MIM 2016, the latest incarnation of Microsoft’s on-premises identity management platform, incorporates the best features of its predecessors, FIM 2010 and ILM, plus additional components.
Going from ILM 2007 to FIM 2010, we got more management agents (“connectors”, if you like), but we also got the FIM portal and service, offering a web interface for user and group management, and self-service password reset (SSPR), allowing solutions like white pages and user self-service. The portal has a comprehensive security model, and policy in the portal is set using very accessible UI-based rules.
However, the portal also introduced the mixed blessing of synchronization rules that can be created entirely in a UI without the need for code (where the existing synchronization service manager rules extensions require code). These rules are imported by the synchronization engine where they are interpreted and acted upon. Most seasoned practitioners see these as less capable and less performant.

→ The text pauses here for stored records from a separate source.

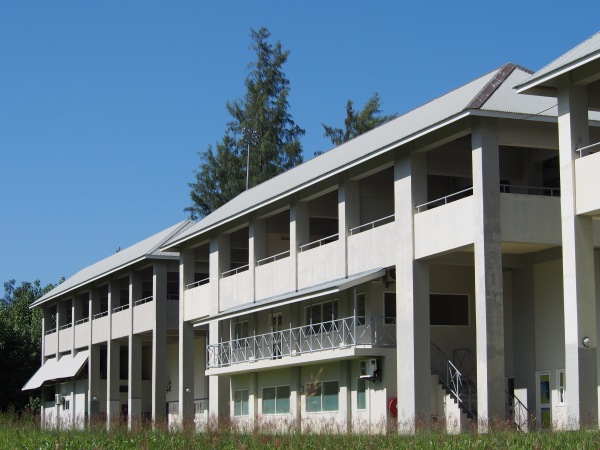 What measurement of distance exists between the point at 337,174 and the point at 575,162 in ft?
37.0

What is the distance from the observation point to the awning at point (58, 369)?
61.1 m

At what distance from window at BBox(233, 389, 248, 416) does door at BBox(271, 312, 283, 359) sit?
12.3ft

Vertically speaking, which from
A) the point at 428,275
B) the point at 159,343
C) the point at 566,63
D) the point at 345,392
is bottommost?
the point at 345,392

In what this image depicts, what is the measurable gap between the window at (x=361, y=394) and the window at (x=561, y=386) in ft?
21.2

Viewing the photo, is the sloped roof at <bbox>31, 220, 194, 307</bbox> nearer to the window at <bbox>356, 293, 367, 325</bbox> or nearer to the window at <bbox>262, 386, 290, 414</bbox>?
the window at <bbox>262, 386, 290, 414</bbox>

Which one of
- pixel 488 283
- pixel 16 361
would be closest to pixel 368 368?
pixel 488 283

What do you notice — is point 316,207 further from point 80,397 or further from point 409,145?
point 80,397

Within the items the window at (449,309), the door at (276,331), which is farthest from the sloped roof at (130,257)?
the window at (449,309)

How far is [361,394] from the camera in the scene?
36031 mm

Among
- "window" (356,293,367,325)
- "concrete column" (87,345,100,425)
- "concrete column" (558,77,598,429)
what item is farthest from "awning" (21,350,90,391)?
"concrete column" (558,77,598,429)

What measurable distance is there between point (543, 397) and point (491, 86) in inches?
365

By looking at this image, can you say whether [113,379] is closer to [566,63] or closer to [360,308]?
[360,308]

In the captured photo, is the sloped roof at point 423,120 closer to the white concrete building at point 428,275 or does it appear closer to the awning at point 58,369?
the white concrete building at point 428,275

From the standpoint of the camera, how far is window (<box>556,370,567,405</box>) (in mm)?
31781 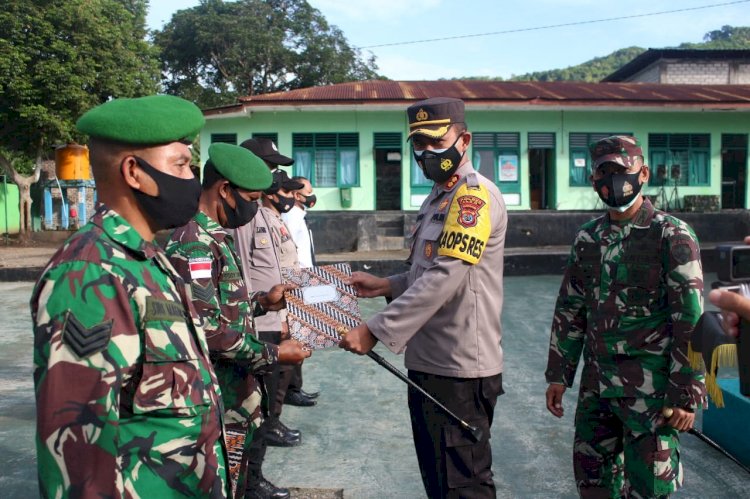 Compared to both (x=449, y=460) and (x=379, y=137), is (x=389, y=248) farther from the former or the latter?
(x=449, y=460)

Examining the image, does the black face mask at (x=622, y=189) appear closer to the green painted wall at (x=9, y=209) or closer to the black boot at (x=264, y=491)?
the black boot at (x=264, y=491)

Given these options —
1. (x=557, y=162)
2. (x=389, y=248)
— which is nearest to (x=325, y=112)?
(x=389, y=248)

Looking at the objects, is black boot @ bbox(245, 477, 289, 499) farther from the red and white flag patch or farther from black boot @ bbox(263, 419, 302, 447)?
the red and white flag patch

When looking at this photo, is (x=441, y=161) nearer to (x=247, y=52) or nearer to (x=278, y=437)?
(x=278, y=437)

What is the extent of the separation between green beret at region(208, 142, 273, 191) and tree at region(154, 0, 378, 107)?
1256 inches

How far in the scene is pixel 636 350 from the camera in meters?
2.71

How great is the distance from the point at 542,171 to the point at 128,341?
1990cm

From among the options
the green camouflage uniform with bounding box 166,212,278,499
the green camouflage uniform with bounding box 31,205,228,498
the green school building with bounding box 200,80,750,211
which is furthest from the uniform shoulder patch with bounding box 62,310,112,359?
the green school building with bounding box 200,80,750,211

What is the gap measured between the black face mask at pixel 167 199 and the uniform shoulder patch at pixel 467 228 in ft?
3.69

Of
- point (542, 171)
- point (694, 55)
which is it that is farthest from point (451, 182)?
point (694, 55)

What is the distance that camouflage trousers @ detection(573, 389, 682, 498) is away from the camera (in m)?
2.57

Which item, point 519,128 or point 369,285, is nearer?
point 369,285

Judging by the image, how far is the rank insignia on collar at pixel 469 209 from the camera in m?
2.51

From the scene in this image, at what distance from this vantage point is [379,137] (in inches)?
745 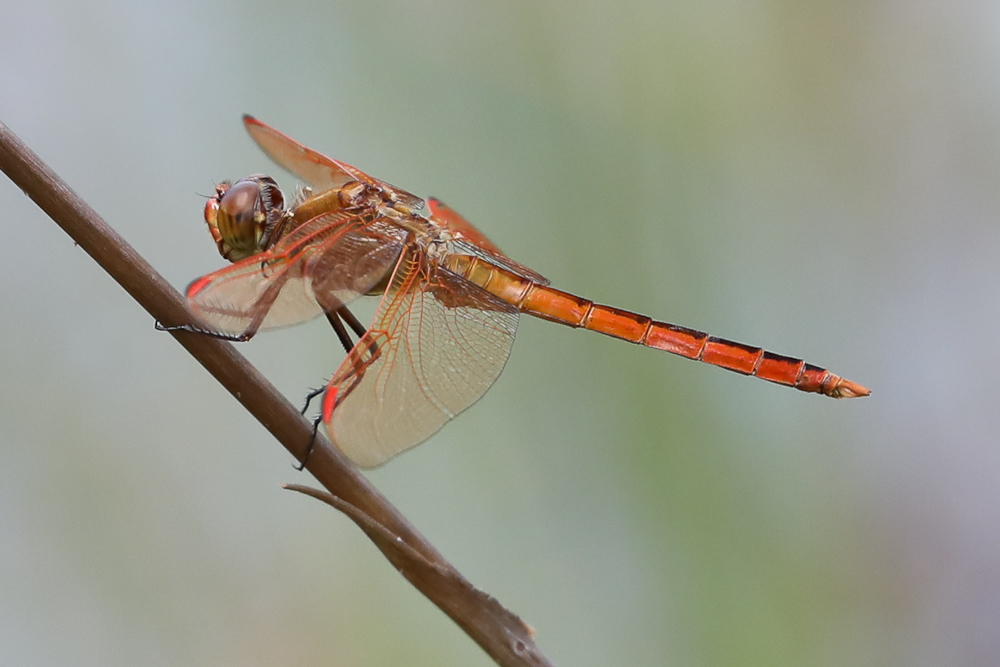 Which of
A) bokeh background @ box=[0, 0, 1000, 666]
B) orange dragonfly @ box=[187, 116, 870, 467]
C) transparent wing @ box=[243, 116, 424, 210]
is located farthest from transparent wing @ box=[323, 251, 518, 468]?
bokeh background @ box=[0, 0, 1000, 666]

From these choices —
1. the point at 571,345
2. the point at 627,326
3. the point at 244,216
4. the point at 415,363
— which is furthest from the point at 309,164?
the point at 571,345

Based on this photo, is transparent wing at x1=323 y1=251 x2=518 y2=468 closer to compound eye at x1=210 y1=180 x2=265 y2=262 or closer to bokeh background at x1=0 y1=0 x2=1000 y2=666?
compound eye at x1=210 y1=180 x2=265 y2=262

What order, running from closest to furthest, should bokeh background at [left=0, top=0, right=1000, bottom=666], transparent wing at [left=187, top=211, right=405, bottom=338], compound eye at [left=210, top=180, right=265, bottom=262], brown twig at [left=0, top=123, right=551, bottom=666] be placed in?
brown twig at [left=0, top=123, right=551, bottom=666]
transparent wing at [left=187, top=211, right=405, bottom=338]
compound eye at [left=210, top=180, right=265, bottom=262]
bokeh background at [left=0, top=0, right=1000, bottom=666]

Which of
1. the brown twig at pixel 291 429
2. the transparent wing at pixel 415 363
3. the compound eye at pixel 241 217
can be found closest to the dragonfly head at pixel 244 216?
the compound eye at pixel 241 217

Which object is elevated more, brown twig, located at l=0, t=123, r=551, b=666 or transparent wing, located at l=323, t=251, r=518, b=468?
transparent wing, located at l=323, t=251, r=518, b=468

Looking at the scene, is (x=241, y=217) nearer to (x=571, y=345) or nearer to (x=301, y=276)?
(x=301, y=276)

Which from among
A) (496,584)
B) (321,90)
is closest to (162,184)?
(321,90)

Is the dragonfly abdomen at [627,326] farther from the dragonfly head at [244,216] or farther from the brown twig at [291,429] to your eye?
the brown twig at [291,429]

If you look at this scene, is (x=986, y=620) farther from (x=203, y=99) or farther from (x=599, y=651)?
(x=203, y=99)

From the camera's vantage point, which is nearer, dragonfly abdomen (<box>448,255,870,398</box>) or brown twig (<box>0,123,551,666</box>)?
brown twig (<box>0,123,551,666</box>) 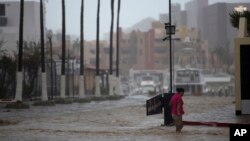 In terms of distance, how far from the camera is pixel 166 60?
6398 inches

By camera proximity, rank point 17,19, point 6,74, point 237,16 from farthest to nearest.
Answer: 1. point 17,19
2. point 6,74
3. point 237,16

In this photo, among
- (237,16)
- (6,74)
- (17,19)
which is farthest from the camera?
(17,19)

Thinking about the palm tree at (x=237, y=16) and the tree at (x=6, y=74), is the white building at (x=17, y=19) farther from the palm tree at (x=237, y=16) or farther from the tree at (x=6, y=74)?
the palm tree at (x=237, y=16)

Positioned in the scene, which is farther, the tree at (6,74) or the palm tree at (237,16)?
the tree at (6,74)

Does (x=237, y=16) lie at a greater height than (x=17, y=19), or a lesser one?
lesser

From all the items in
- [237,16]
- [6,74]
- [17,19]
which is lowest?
[6,74]

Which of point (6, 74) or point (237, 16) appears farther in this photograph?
point (6, 74)

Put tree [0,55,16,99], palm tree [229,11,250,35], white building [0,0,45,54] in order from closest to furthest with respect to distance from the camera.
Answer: palm tree [229,11,250,35] < tree [0,55,16,99] < white building [0,0,45,54]

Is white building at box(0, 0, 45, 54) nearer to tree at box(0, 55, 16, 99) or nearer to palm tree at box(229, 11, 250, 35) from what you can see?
tree at box(0, 55, 16, 99)

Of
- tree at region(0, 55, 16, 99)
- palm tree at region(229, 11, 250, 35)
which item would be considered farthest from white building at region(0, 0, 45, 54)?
palm tree at region(229, 11, 250, 35)

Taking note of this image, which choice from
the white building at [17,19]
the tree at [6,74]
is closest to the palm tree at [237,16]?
the tree at [6,74]

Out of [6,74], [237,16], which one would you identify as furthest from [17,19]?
[237,16]

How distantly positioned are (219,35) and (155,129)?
181326 millimetres

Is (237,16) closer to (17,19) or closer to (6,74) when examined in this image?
(6,74) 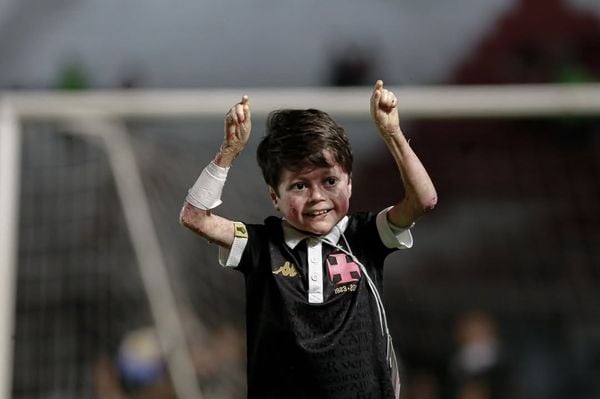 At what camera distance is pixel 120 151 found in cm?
607

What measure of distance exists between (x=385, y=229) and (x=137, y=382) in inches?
148

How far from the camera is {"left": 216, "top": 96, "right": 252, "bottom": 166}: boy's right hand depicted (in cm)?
290

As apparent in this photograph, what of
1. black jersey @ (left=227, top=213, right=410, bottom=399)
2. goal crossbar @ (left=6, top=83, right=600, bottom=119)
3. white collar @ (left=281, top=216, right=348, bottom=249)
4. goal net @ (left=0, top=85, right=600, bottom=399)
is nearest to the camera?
black jersey @ (left=227, top=213, right=410, bottom=399)

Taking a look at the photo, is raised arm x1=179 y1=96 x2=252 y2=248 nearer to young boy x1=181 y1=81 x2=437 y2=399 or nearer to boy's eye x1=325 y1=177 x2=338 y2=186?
young boy x1=181 y1=81 x2=437 y2=399

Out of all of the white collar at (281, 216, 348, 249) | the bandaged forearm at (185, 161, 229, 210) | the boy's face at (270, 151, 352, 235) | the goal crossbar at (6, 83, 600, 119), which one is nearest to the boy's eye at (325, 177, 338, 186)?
the boy's face at (270, 151, 352, 235)

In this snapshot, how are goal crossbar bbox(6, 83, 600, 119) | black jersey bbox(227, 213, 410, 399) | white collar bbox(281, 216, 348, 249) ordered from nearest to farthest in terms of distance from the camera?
1. black jersey bbox(227, 213, 410, 399)
2. white collar bbox(281, 216, 348, 249)
3. goal crossbar bbox(6, 83, 600, 119)

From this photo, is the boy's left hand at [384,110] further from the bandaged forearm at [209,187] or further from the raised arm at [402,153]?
the bandaged forearm at [209,187]

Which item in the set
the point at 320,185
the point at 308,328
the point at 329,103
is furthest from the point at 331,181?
the point at 329,103

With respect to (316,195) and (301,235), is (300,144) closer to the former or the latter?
(316,195)

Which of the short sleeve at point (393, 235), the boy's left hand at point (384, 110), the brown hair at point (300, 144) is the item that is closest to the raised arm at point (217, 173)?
the brown hair at point (300, 144)

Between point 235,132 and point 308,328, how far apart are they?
522 mm

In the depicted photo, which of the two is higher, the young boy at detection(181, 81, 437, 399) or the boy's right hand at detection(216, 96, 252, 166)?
the boy's right hand at detection(216, 96, 252, 166)

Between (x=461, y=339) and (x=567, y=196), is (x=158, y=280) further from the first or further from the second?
(x=567, y=196)

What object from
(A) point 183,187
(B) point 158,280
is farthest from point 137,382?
(A) point 183,187
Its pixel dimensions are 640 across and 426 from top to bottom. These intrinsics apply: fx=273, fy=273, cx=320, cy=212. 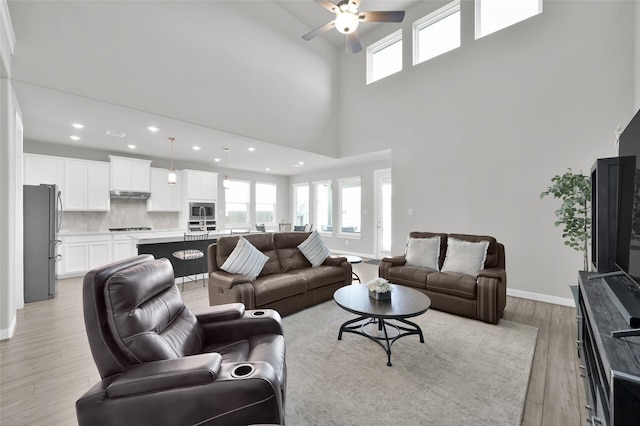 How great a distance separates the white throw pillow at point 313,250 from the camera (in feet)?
13.4

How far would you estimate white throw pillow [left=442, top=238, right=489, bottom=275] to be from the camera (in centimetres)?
344

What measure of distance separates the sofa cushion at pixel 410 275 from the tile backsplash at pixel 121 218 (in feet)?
19.2

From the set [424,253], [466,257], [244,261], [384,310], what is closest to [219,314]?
[384,310]

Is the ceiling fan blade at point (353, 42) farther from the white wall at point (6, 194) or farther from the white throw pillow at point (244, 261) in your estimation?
the white wall at point (6, 194)

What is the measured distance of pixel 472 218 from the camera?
465 cm

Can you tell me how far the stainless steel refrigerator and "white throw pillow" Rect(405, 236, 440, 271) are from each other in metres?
5.30

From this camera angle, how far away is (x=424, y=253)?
12.7 ft

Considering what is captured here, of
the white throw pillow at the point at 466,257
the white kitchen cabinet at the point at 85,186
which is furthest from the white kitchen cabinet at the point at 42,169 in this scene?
the white throw pillow at the point at 466,257

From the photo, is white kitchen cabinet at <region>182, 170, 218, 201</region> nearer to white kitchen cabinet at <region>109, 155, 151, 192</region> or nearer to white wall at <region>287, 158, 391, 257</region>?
white kitchen cabinet at <region>109, 155, 151, 192</region>

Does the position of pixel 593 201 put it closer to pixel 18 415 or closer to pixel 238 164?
pixel 18 415

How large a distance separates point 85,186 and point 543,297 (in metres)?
8.48

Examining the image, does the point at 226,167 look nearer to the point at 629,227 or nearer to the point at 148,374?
the point at 148,374

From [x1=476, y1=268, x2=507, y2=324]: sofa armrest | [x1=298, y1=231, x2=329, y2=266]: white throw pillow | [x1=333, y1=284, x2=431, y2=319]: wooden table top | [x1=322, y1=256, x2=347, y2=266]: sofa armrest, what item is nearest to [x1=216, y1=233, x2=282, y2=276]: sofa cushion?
[x1=298, y1=231, x2=329, y2=266]: white throw pillow

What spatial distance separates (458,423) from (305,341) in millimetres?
1433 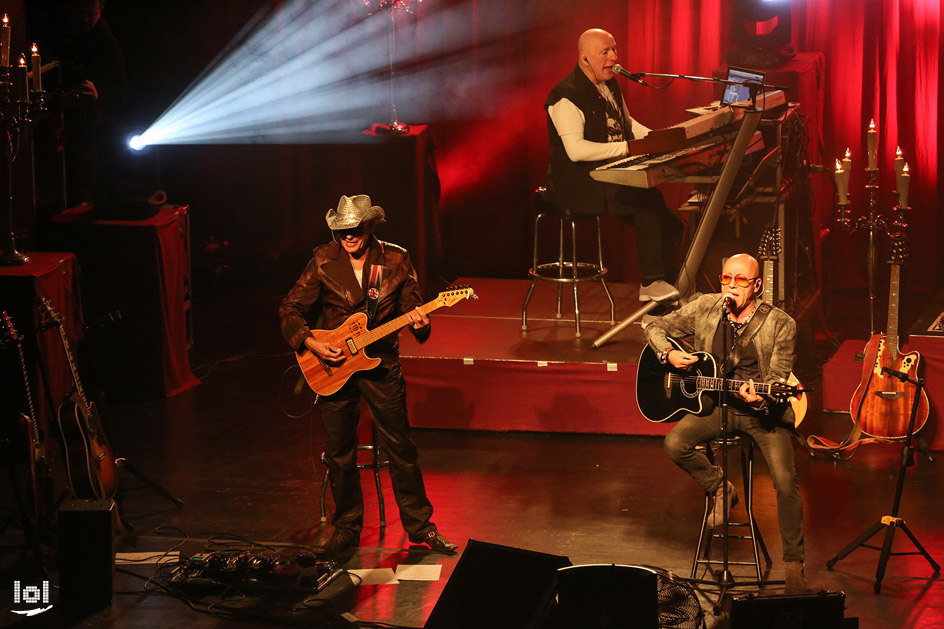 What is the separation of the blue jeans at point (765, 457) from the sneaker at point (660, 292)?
1.54 metres

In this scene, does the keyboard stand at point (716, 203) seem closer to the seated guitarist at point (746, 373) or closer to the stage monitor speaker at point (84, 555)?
the seated guitarist at point (746, 373)

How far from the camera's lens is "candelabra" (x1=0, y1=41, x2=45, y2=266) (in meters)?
6.82

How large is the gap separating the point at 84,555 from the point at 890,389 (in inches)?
182

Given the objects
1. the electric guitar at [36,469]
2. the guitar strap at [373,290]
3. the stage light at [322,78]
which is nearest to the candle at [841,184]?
the guitar strap at [373,290]

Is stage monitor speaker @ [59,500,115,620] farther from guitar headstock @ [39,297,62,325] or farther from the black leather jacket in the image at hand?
the black leather jacket

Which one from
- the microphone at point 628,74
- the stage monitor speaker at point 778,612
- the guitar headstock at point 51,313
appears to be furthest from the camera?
the microphone at point 628,74

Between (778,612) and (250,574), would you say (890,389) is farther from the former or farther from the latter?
(250,574)

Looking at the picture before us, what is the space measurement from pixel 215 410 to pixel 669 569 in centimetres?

The primary advantage of FIM 2010 SP1 over FIM 2010 is significant performance improvements, especially in the connection between the (portal) service and the synchronization service. Going from FIM 2010 to MIM 2016 was a re-brand, with management agents (connectors) brought up to date and SSPR being made compatible with Azure AD MFA. A small but important addition in MIM 2016 SP1 is the ability to directly use Office 365 for email notifications and approvals.